▶ [RECORDED DATA]

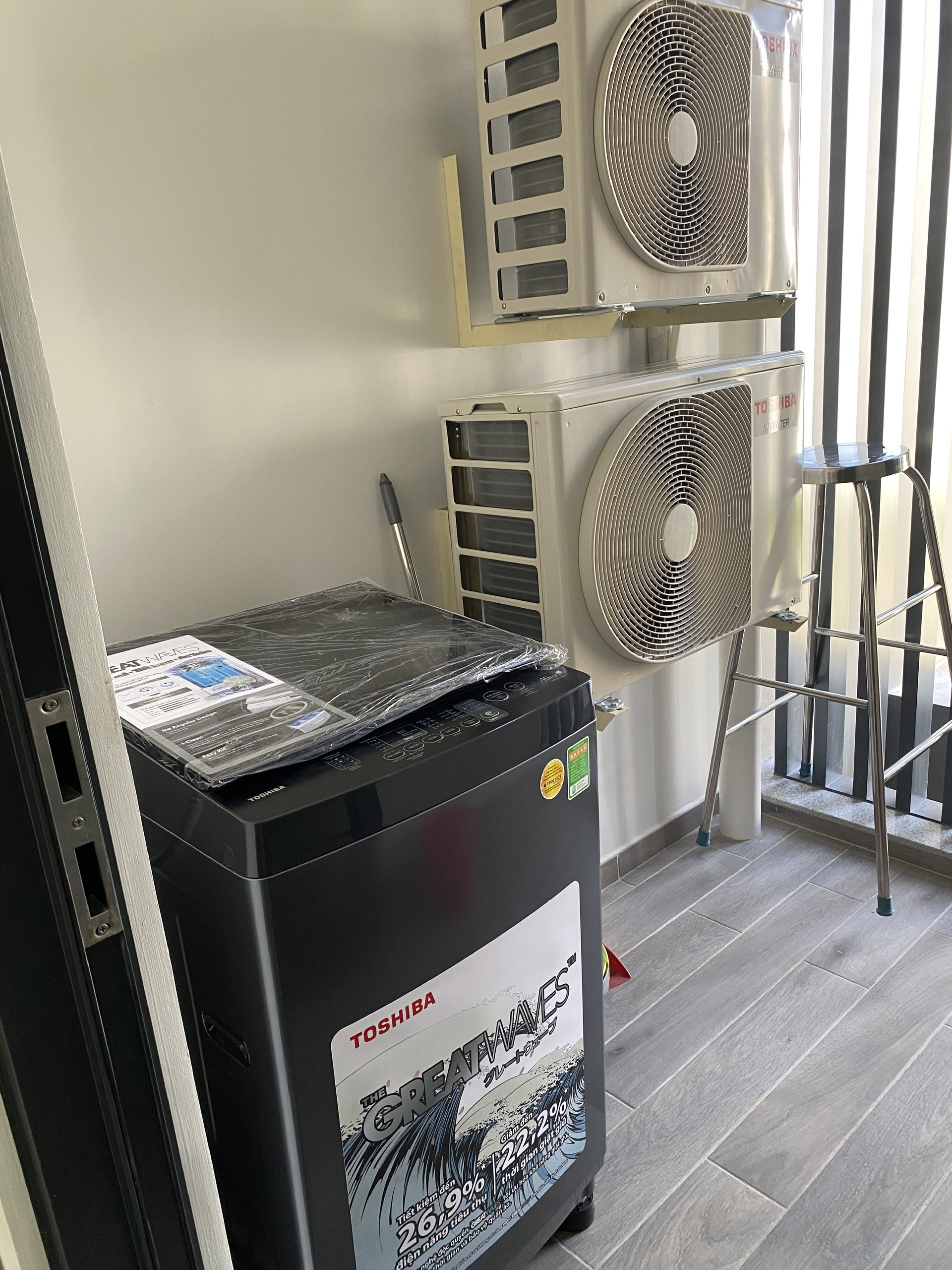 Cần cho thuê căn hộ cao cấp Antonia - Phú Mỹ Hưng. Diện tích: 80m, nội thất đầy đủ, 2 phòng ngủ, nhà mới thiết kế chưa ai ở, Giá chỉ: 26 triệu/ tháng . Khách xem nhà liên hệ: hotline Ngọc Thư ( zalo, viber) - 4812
* * *
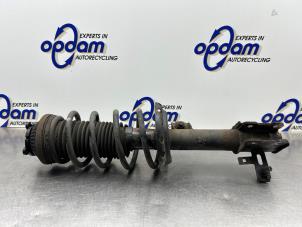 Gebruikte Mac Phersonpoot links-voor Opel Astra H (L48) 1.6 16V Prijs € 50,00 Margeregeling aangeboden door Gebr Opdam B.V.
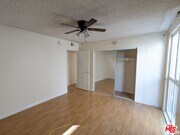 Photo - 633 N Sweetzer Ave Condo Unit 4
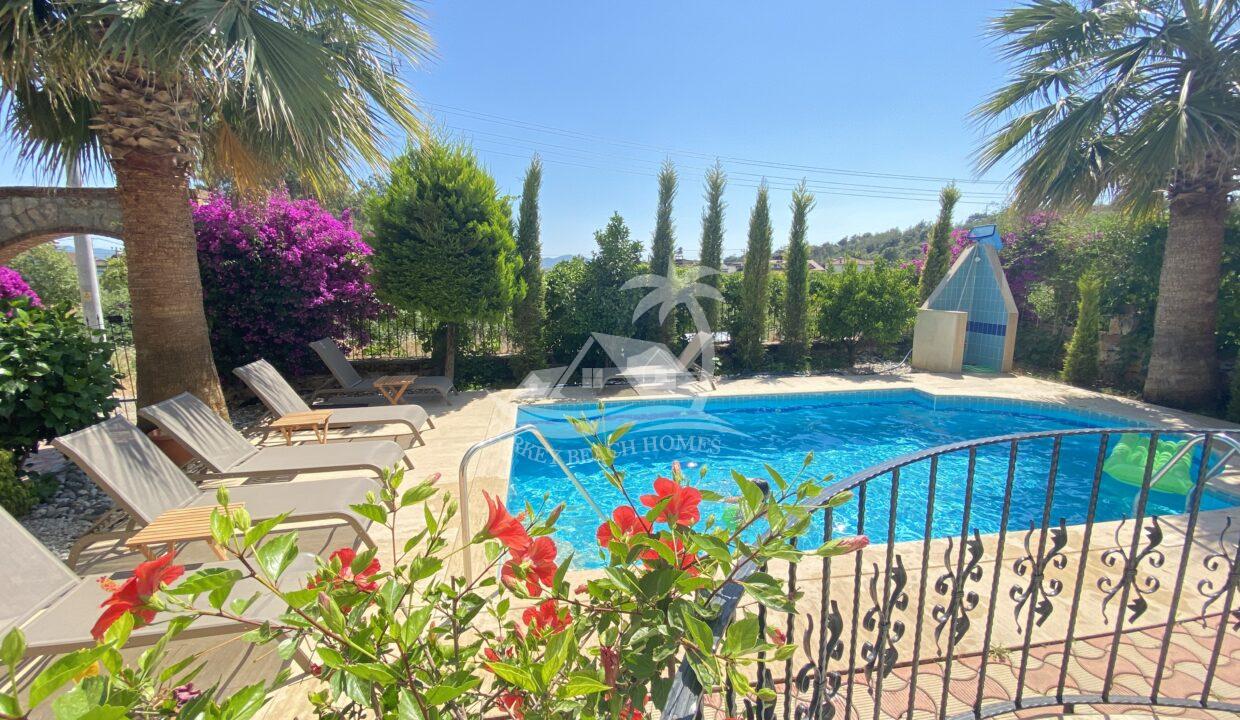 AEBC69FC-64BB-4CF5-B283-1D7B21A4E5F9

▶ [WHAT THIS TASK INVOLVES]
Start with the line with "Gebruikte Mac Phersonpoot" in the listing above and stop after the line with "AEBC69FC-64BB-4CF5-B283-1D7B21A4E5F9". Write out exactly the lines in that stretch and no others, without pictures.

▶ [RESPONSE TO THE TASK]
 Gebruikte Mac Phersonpoot links-voor Opel Astra H (L48) 1.6 16V Prijs € 50,00 Margeregeling aangeboden door Gebr Opdam B.V.
 Photo - 633 N Sweetzer Ave Condo Unit 4
 AEBC69FC-64BB-4CF5-B283-1D7B21A4E5F9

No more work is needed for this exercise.